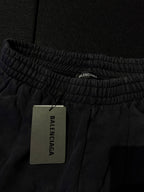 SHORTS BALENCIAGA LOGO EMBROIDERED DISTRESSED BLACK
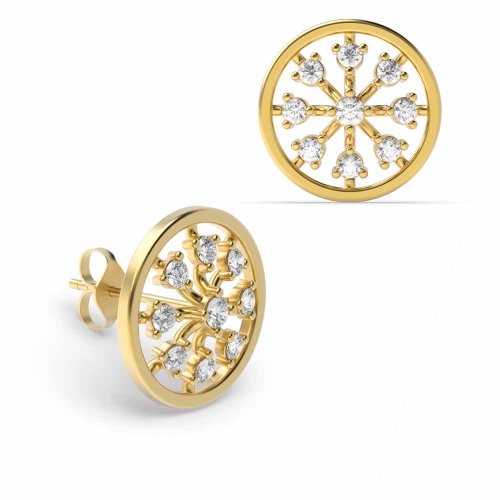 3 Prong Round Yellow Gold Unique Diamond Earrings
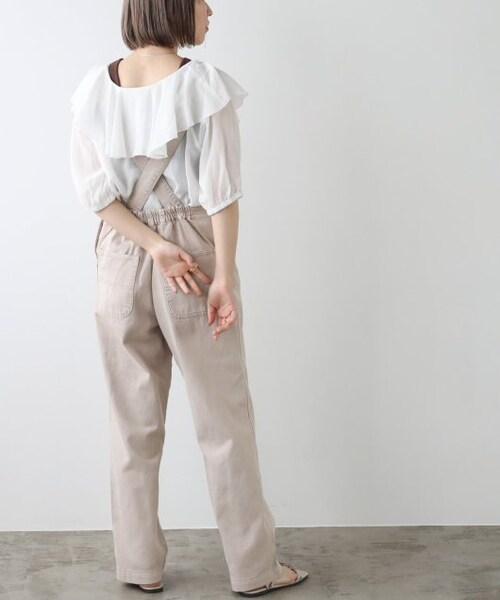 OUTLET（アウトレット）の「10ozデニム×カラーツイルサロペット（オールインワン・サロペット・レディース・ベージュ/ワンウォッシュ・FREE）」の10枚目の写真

┄┄┄┄┄┄┄┄┄┄┄┄┄┄┄┄┄┄┄┄

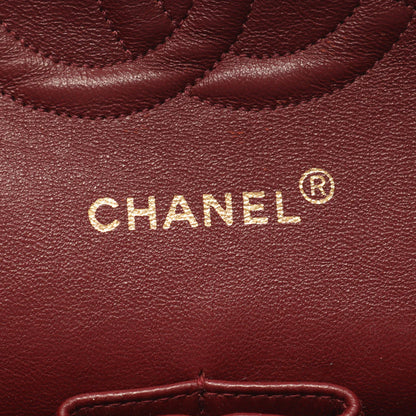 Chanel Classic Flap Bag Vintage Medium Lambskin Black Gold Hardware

┄┄┄┄┄┄┄┄┄┄┄┄┄┄┄┄┄┄┄┄

__What to do__:
Return exactly the stretch above whose first line contains "SHORTS BALENCIAGA LOGO" and whose last line contains "OUTLET（アウトレット）", and nothing outside it. The pictures should not appear.

__Response to the task__:
 SHORTS BALENCIAGA LOGO EMBROIDERED DISTRESSED BLACK
 3 Prong Round Yellow Gold Unique Diamond Earrings
 OUTLET（アウトレット）の「10ozデニム×カラーツイルサロペット（オールインワン・サロペット・レディース・ベージュ/ワンウォッシュ・FREE）」の10枚目の写真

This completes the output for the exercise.